Dataset.unpersist() unexpectedly affects count of other RDD's

Question

I ran into a strange problem where calling unpersist() on one Dataset affects the count of another Dataset in the same block of code. Unfortunately this happens during a complex long-running job with many Datasets so I can't summarize the whole thing here. I know this makes for a difficult question, however let me try to sketch it out. What I'm looking for is some confirmation that this behavior is unexpected and any ideas about why it may be occurring or how we can avoid it.

Edit: This problem as reported occurs on Spark 2.1.1, but does not occur on 2.1.0. The problem is 100% repeatable but only in my project with 1000's of lines of code and data, I'm working to try to distill it down to a concise example but have not yet been able, I will post any updates or re-submit my question if I find something. The fact that the exact same code and data works in 2.1.0 but not 2.1.1 leads me to believe it is due to something within Spark.
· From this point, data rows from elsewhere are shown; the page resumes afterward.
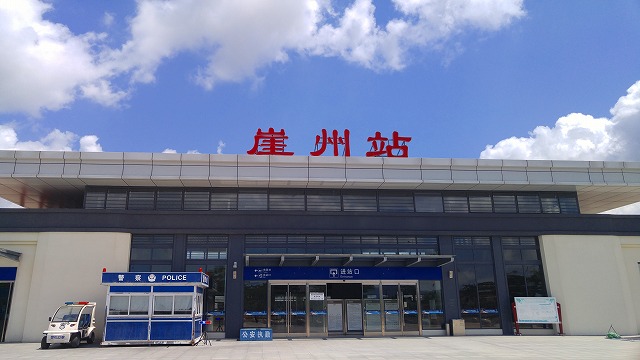 f:id:dokoedemoiku:20190512100104j:plain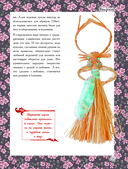 Русская народная кукла без шитья. Обереги на все случаи жизни в пошаговых мастер-классах — фото, картинка — 7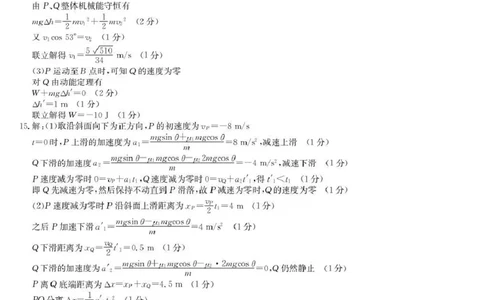 九师联盟2026届高三上学期11月联考物理(GS-G)答案_251107九师联盟2026届高三上学期11月联考（全科）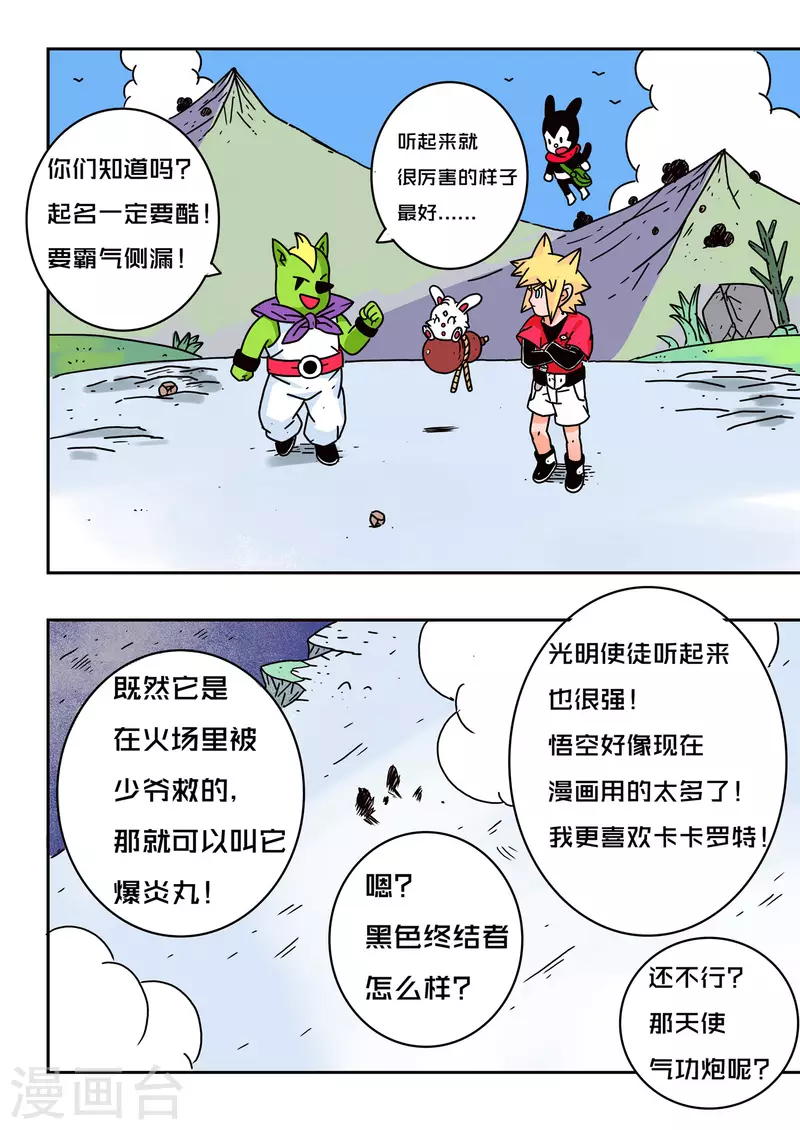 第52话 第8页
val claims:Dataset = // read claims from file
val accounts:Dataset = // read accounts from file
val providers:Dataset = // read providers from file
val payers:Dataset = // read payers from file

val claimsWithAccount:Dataset = // join claims and accounts
val claimsWithProvider:Dataset = // join claims and providers

val claimsWithPayer:Dataset = // join claimsWithProvider and payers

claimsWithPayer.persist(StorageLevel.MEMORY_AND_DISK)
log.info("claimsWithPayer = " + claimsWithPayer.count()) // 46

// This is considered unnecessary intermediate data and can leave the cache
claimsWithAccount.unpersist()

log.info("claimsWithPayer = " + claimsWithPayer.count()) // 41

Essentially, calling unpersist() on one of the intermediate data sets in a series of joins affects the number of rows in one of the later data sets, as reported by Dataset.count().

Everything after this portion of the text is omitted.